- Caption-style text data
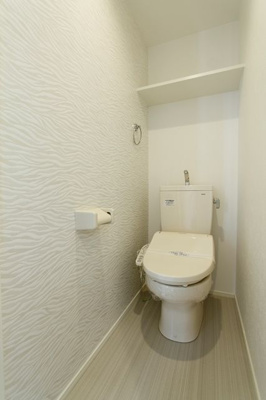 【トイレ】 | YMW | 別号室の写真になります。現況優先。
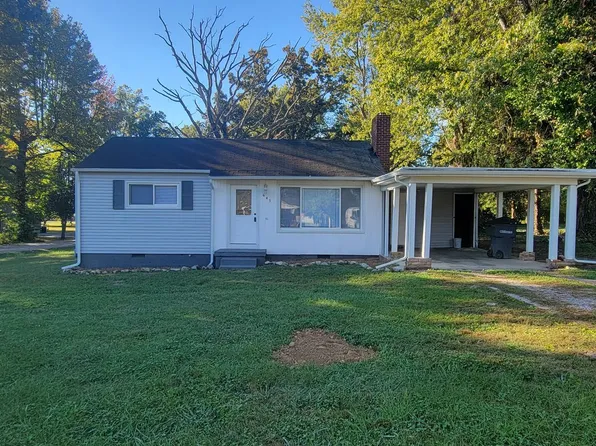 645 E Jere Whitson Rd, Cookeville, TN 38501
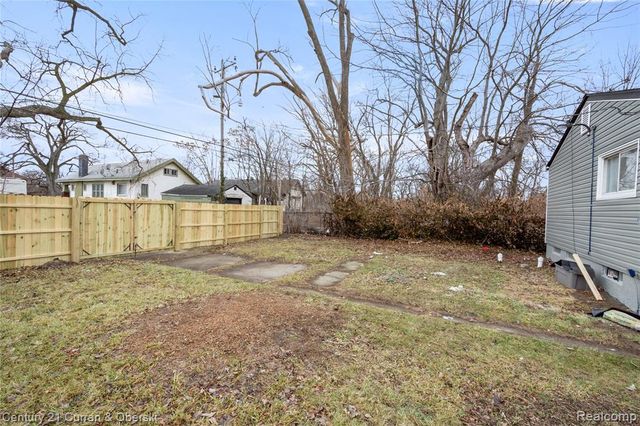 9901 Yellowstone Street, Detroit, MI 48204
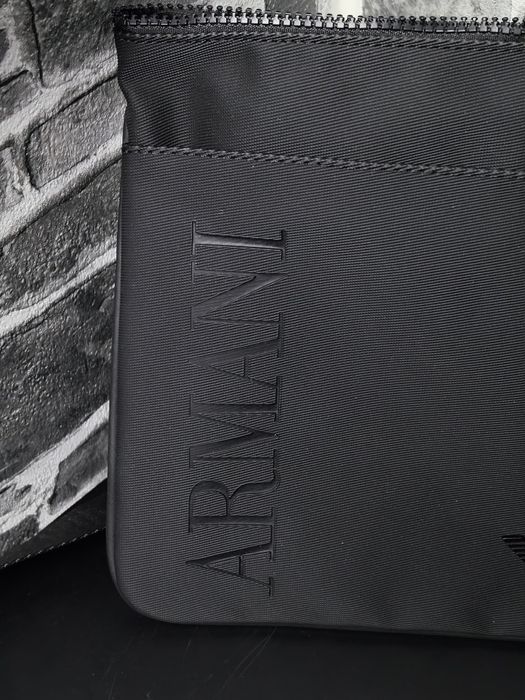 Emporio Armani чанта 2026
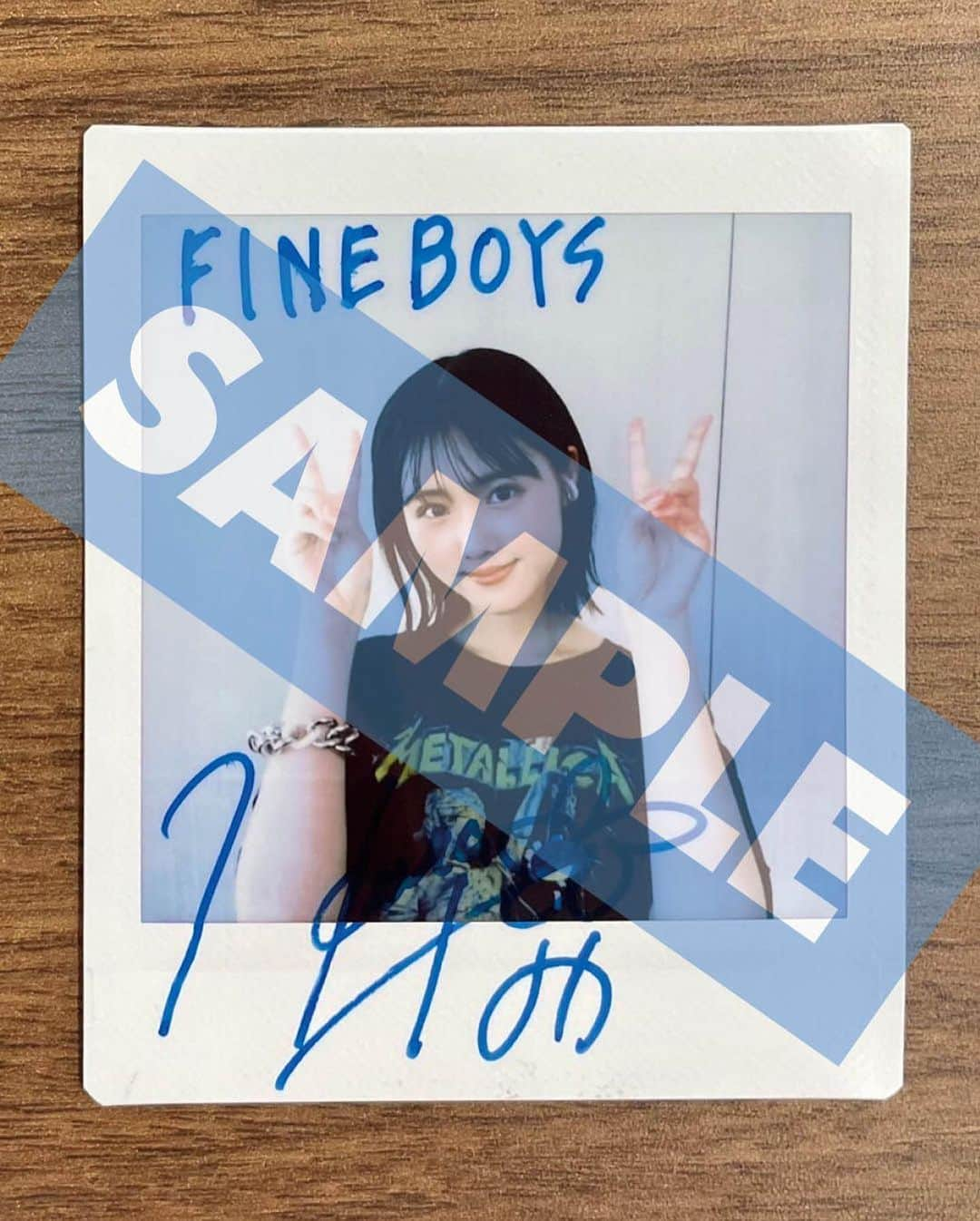 FINEBOYSさんのインスタグラム写真 - (FINEBOYSInstagram)「【PRESENT:原 菜乃華さんチェキプレゼント🎁】  絶賛公開中の映画『ミステリと言う勿れ』でヒロインを務める大注目の女優#原菜乃華 さんが発売中のFINEBOYS10月号に登場！ 愛用中のバッグとその中身を大公開しています👜✨  FINEBOYS Onlineでは誌面に載せきれなかったアザーカットも公開中📸 今年20歳を迎えた心境や勝負どころで力を発揮する秘訣、映画の撮影秘話など盛りだくさん！　そして最近のオシャレ事情についてもインタビューしました🥳 プロフィールのURLからぜひチェックしてくださいね🫶🏼  💐チェキプレゼント💐 原 菜乃華さんのサイン入りチェキをプレゼント！🎁 以下の応募方法をチェックして、 ぜひ参加してくださいね！  ======================= 【応募期間】 〜10月11日（水）23時59分まで  【応募方法】 ①FINEBOYS公式Instagramをフォロー ②本投稿にいいね ※抽選対象は公開アカウントのみになります  【当選発表】 当選した方のみ、コメントを投稿してくださったアカウントにDM（ダイレクトメッセージ）にて2023年10月下旬までにご連絡します。 ※当選者の発表はDMでのご連絡をもってかえさせていただきます。 抽選の経過や結果などに関するお問い合わせには一切お答えできません。 賞品の発送は10月中を予定しております。 ※当選連絡をしてから7日以内に連絡が取れない場合は、当選が無効となります。ご了承ください。  コメントをすると当選確率がアップするかも…？ ご応募お待ちしております！  #fineboys #原菜乃華 #はらなのか #ミステリと言う勿れ #チェキ #チェキプレゼント」10月4日 18時55分 - fineboys_jp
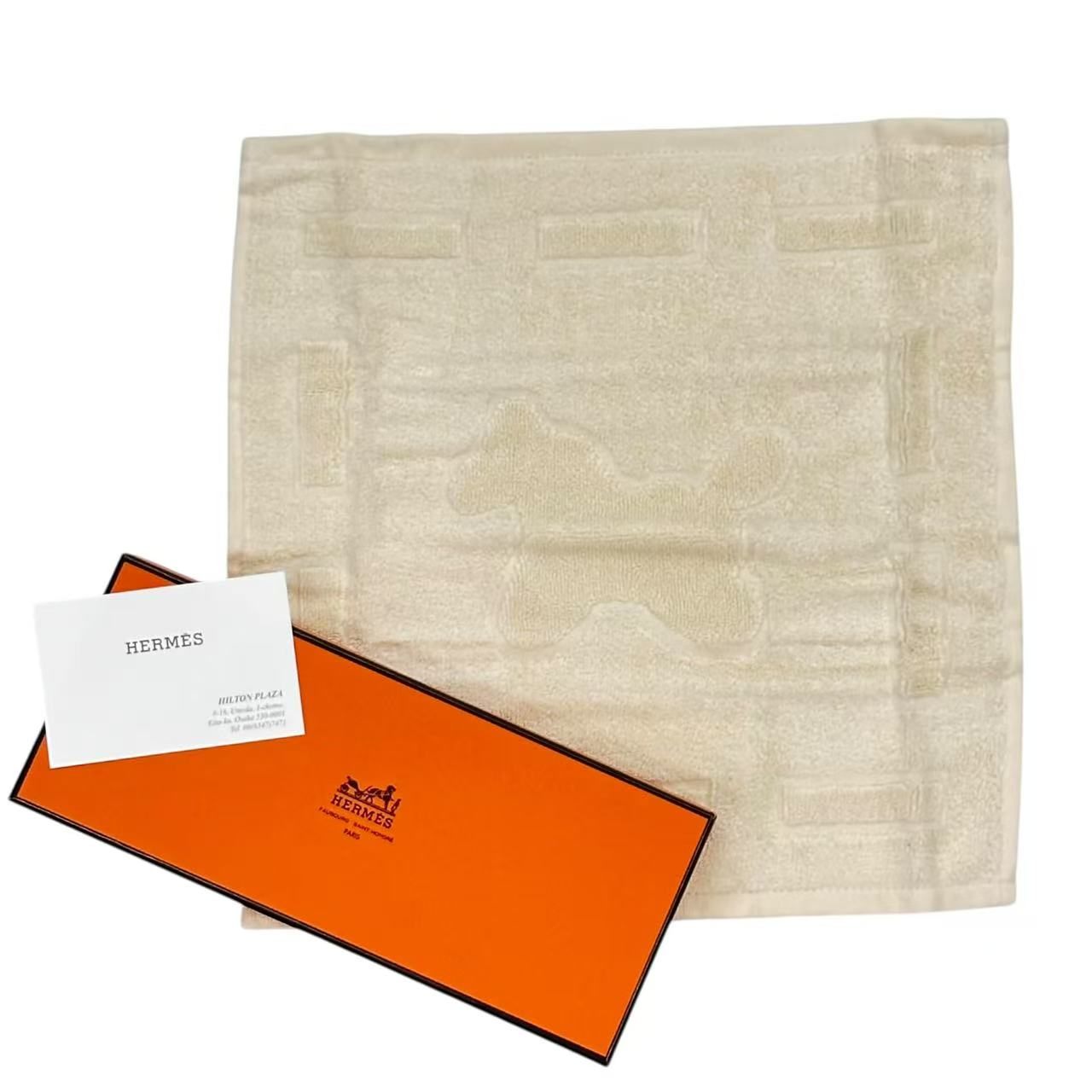 未当て嵌める品 HERMES エルメス 汗手拭い 刺・墸 馬柄 象牙色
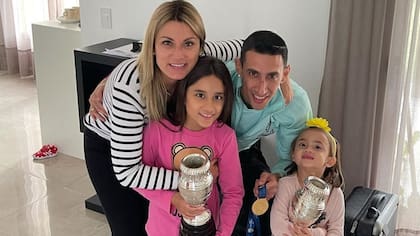 Ángel Di María y Jorgelina Cardoso son padres de Mía y Pía (Fuente: Instagram/@jorgelinacardoso)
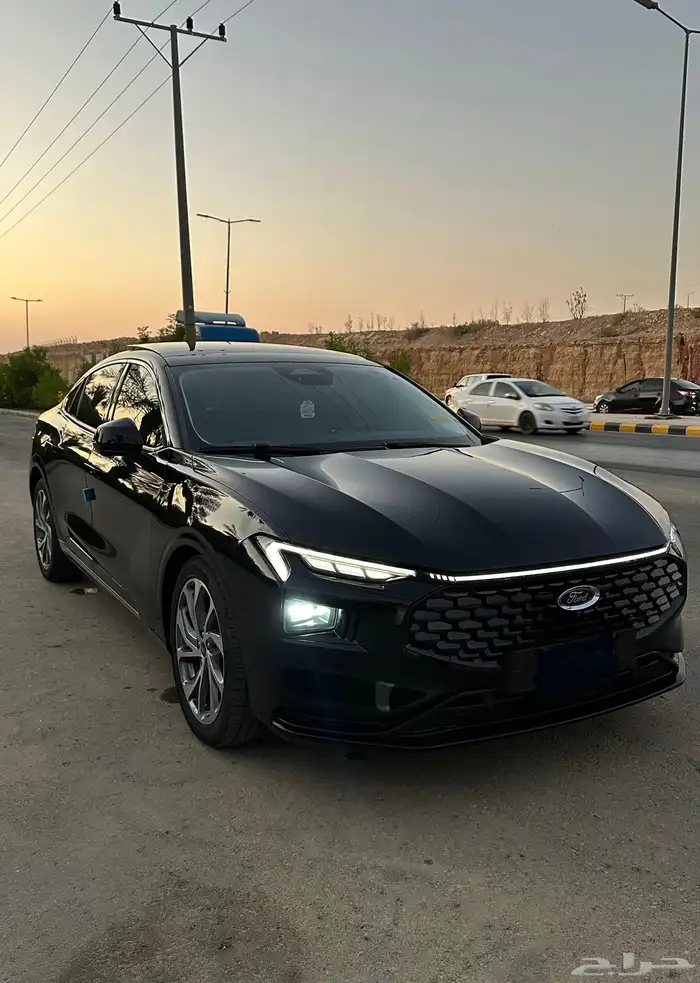 فورد تورس 2024 تيتانيوم 4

- Goal of the exercise
Restate exactly, please, only the lines between the start of the data and the line containing "Emporio Armani чанта 2026", both ends included, skipping the pictures.

- Finished exercise
 【トイレ】 | YMW | 別号室の写真になります。現況優先。
 645 E Jere Whitson Rd, Cookeville, TN 38501
 9901 Yellowstone Street, Detroit, MI 48204
 Emporio Armani чанта 2026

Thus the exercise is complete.